I doubt that anyone disagrees with you on that, but the presumption is
that ACE IDNs will cause less trouble than UTF-8 IDNs.  

Every UTF-8 IDN (except for IDNs that consist of only ASCII characters)
will cause trouble for a significant number of UAs and MTAs.  

But (assuming careful choice of the ACE) few ACE IDNs are likely to be 
significantly longer than UTF-8 IDNs, and the number of MTAs and UAs
that have trouble with long addresses is significantly less than the 
number of MTAs and UAs that have trouble with  8-bit characters.
Indeed, one of the complaints that has been frequently made about UTF-8 
is that it's a very pessimal encoding for some languages; hence, some 
of the ACE schemes are designed to be more compact than UTF-8.
 
> Maynard Kang writes:
> > If you use UTF-8 (or any 8-bit CES) in e-mail addresses, SMTP servers which
> > adhere strictly to RFC 821 will blow up due to the US-ASCII restriction.

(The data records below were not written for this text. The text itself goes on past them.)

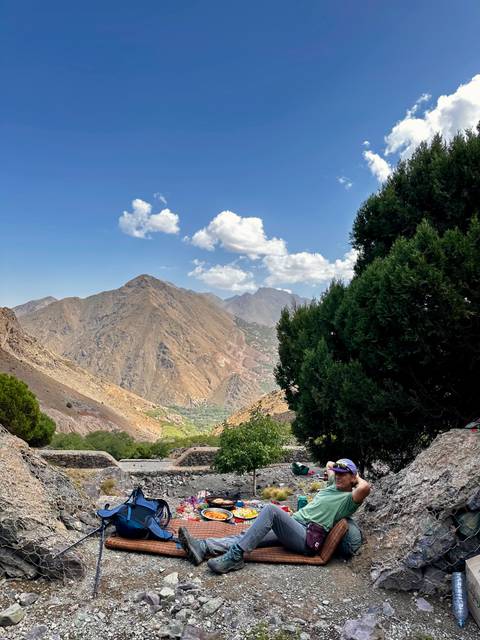 Mountain range under a clear blue sky with clouds.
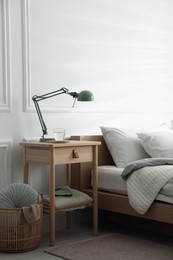 Photo of Bedside table with lamp and glass of water near bed indoors
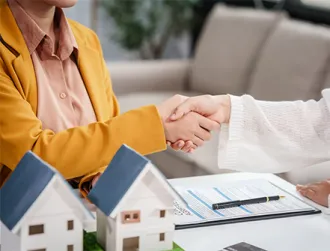 Two individuals sit at a table and shake hands over a mortgage refinancing agreement, with miniature house models, a clipboard of loan documents, and a pen on the table, symbolizing a completed home refinance deal.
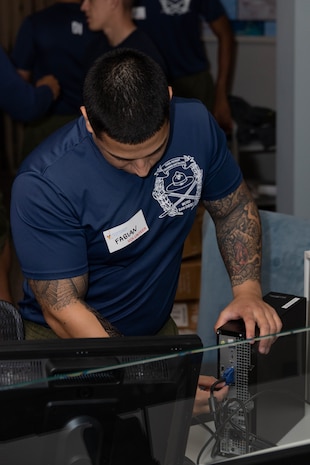 U.S. Marine Corps Sgt. Fabian Aguilar, a drill instructor with India Company, 3rd Recruit Training Battalion, assembles a computer during a volunteer event at a Ronald McDonald House in San Diego, California, April 8, 2024. The Ronald McDonald House provides a home away from home at no cost for families with sick and injured children, ages 21 and younger. (U.S. Marine Corps photo by Lance Cpl. Janell B. Alvarez)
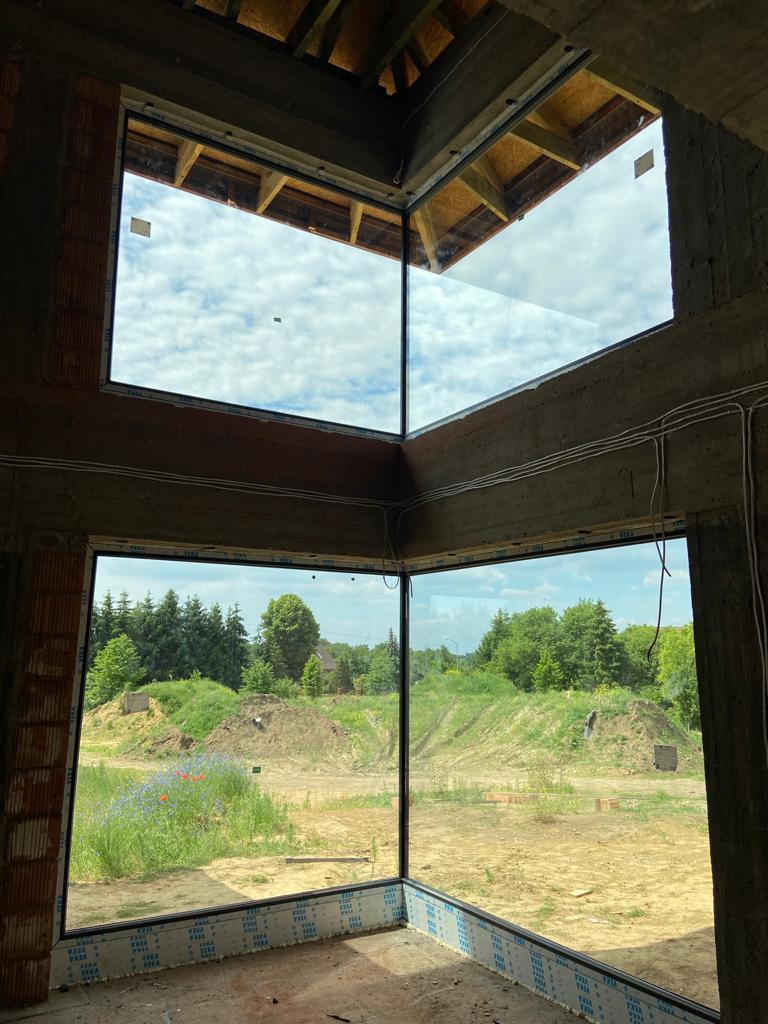 Narożne okno z czarną ramą w surowym stanie budynku, widok na zewnątrz z zielenią i niebem.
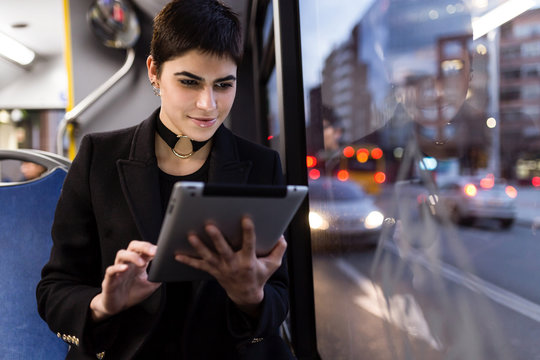 Woman browsing tablet inside the bus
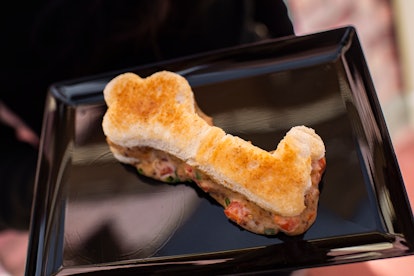 A key-shaped grilled cheese sandwich sits on a plate for the Disney Villains After Hours event. 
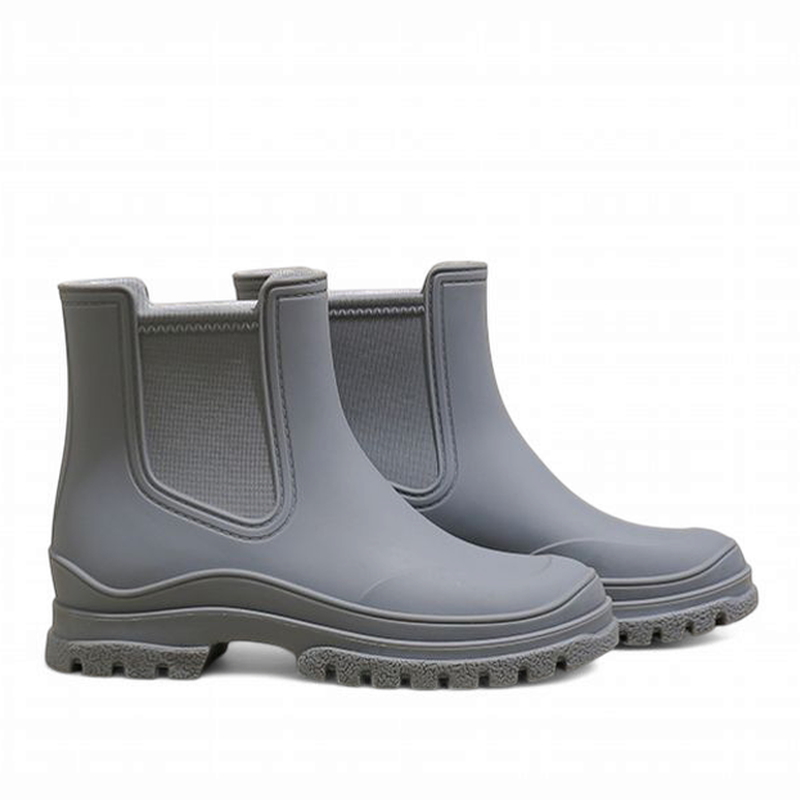 Side view of grey waterproof Chelsea boots featuring clean lines and textured sole.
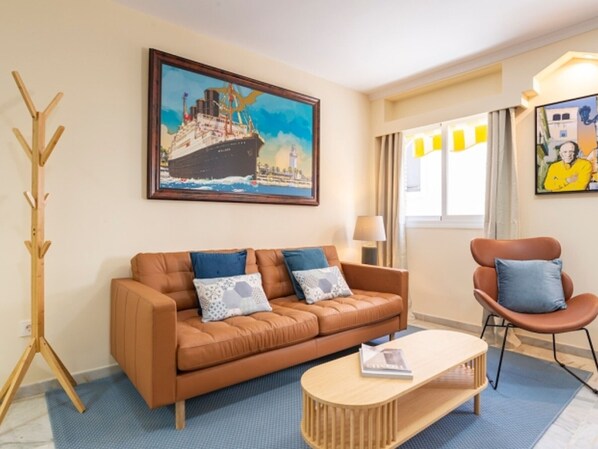 Ein Wohnzimmer mit einem braunen Ledersofa, einem Holztisch, einem blauen Teppich mit Muster, einem Holzständchen für Kleidung und einem Gemälde eines Schiffes an der Wand.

If
> > you use ACE, perhaps only your mailing list software will blow up.
> 
> My software doesn't have any trouble. 

You posted an example where you claimed that your software would have 
trouble, because that software generates unusually long local-parts,
leaving very little room for domain names.

You claimed that ACE IDNs would cause those addresses to become even
longer, thus preventing your software from functioning.  But you could
just as easily find examples where UTF-8 IDNs would cause those 
addresses to become longer.   And depending on your choice of ACE
scheme and your choice of IDN, you can find examples to support an
argument that either representation is longer than the other.

It's almost inevitable that representation of strings with a character 
repertoire greater than 2**16 in size will take up more space than a 
representation of strings with a character repertoire less than 2**8 
in size.  Thus, longer names is part of the price of having IDNs,
no matter what encoding scheme is used.  Of course, we do want to find
a compact encoding for IDNs, but the right answer seems to be a tradeoff
between maximizing space efficiency, minimizing implementation complexity, 
and minimizing impact on existing software that expects ASCII.